Нет, ну правда, неужели он не выглядит настолько соблазнительно, чтоб вот так взять и просто отстраниться? Разорвать до чёртиков трогательный, в буквальном смысле, момент. Тщетные попытки откупиться секундой нежностью, наигранностью, словно перед ним – очередная девушка, на которую мгновенно встало и захотелось охмурить. Поправочка на то, что на Лэйтона стоит почти всегда.
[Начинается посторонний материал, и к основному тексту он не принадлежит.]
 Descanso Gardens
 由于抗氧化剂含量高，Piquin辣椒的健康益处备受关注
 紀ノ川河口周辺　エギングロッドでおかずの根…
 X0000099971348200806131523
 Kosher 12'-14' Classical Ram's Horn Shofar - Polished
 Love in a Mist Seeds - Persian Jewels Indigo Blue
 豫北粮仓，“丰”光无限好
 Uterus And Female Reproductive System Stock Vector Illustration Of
Хотелось сквозь скулеж и неуёмный свербёж в штанах потереться о его грудь и прохрипеть нечто вроде: «Ну же, я понимаю, ты устал, но давай прямо здесь, в ванной»
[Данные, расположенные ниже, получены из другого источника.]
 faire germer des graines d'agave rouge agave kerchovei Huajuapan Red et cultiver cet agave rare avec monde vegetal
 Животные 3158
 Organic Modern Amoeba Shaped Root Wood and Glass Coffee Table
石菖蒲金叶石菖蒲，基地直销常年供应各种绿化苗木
А вместо этого лишь улыбнулся, наглость во взгляде – почти самодовольство.
- Придёт день, мой милый, и кругов не хватит.
Он сомневался, что такой день наступит – но должно же его однажды отпустить. Наверное, ни разу больше недели не выдерживал – осточертевшее Лэйтону желание Захарии трахать всё, что движется, зарождалось в грудной клетке как раковая опухоль. Спустя время прорывалось, и его несло, как океанская волна утаскивает на дно, хватая прохладой и шипучей пеной за лодыжки. Мол, вот, пока его нет, давай. Найди милашку на одну ночь – ты же знаешь, как это просто. Несколько красивых слов, несколько якобы случайных прикосновений и проникновенные взгляды. А потом обязательно наступит момент болезненного восторга.
Как сейчас.
Он снова засмотрелся на его зад. Задержался на родимом пятне, черневшем на упругой ягодице. Такой соблазнительно смуглой, что так и хотелось шлёпнуть ладонью.
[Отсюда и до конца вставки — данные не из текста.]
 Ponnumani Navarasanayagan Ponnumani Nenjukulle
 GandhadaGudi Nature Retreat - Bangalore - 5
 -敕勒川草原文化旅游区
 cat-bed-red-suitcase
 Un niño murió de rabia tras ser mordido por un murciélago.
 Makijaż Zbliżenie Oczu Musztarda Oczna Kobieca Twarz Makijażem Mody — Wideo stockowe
- Бекона, да? – по инерции повторил он почти шёпотом.
Но голову немедленно остудили – в лицо ударило струями ледяной воды. Захария, отплёвываясь и пятясь, закрывая руками глаза, думал лишь о том, чтобы идущий из ошпарённой головы пар не выдал его с потрохами. Как же отлично, что они не умеют читать мысли друг друга. Хоть какие-то ограничения на доступ в черепную коробку. Кожу покрыли колючие мурашки, вода стекала по груди, капала с отяжелевших ресниц и мешала обзору. Он выдохнул попавшую в рот воду, посмотрел на Лэйтона с затаённой детской обидой. Капли стекали со штанин, под ступнями хлюпала набежавшая лужа.
- Обязательно. В следующий раз – обязательно. – Он перехватил его руку за запястье, с силой сжал. – Некоторым из них до одурения нравится слушать о прелестях нашей совместной жизни.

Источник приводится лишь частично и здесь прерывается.